À l’insu du grand public, ce ne sont pas les politiciens élus qui
sont à l’origine des politiques qui lient leur destinée à celui de la
nation ou à la sphère géopolitique. Ce sont plutôt les groupes de
réflexion financés par la grande entreprise et les grands financiers –
des équipes de décideurs non élus qui transcendent les élections et qui
produisent des documents servant ensuite de fondement aux dispositions
législatives qui reçoivent l’aval des « législateurs » et qui sont aussi
repris et répétés ad nauseam par les grands médias.
Un document de politique de ce genre a été récemment produit par le
tristement célèbre groupe de réflexion US Brookings Institution,
document intitulé Deconstructing Syria: Towards a regionalized strategy for a confederal country
[Déconstruction de la Syrie : vers une stratégie régionale pour la
création d’un pays confédéré]. Cette conspiration à découvert, signée et
datée, visant à diviser, à détruire, puis à occuper progressivement une
nation souveraine située à des milliers de kilomètres des rives de
l’Amérique illustre de manière peu rassurante à quel point
l’impérialisme moderne demeure dangereux et tenace, même en ce 21e siècle.
Le groupe armé État islamique (EI) comme prétexte : les USA ont versé des milliards de dollars à des « modérés » qui n’existent pas
Les auteurs de ce document admettent ouvertement que les USA ont
fourni des milliards de dollars pour armer et entraîner des militants
qui ont servi à alimenter un conflit dévastateur aux proportions de plus
en plus régionales. Ils admettent que les USA maintiennent des
opérations en Jordanie et en Turquie, membre de l’OTAN, afin d’injecter
encore plus d’armes, d’argent liquide et de combattants dans ce conflit
déjà catastrophique, et qu’ils devraient même élargir leurs opérations.
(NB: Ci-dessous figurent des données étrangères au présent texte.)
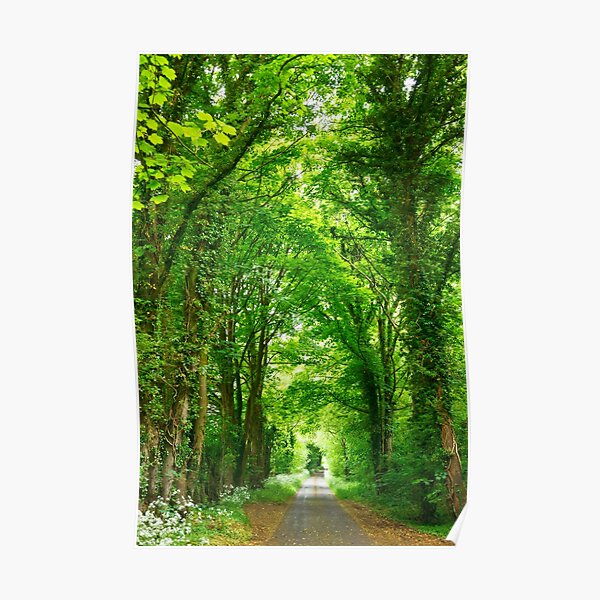 Tunnel of Trees Poster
Ils relatent ensuite l’ascension du prétendu « État islamique » (EI),
sans toutefois expliquer la provenance de son financement et de ses
armes. Le lecteur comprendra sans peine que si les États‑Unis ont engagé
des milliards de dollars en argent comptant, en armement et en
entraînement pour soutenir sur de multiples fronts de prétendus
« modérés » qui, en somme, n’existent pas sur le champ de bataille, un
soutien étatique plus grand encore serait requis pour la création et le
maintien d’e l’EI et du Front al‑Nosra d’al‑Qaida qui, de l’aveu même de
la Brookings Institution, dominent sans conteste l’« opposition ».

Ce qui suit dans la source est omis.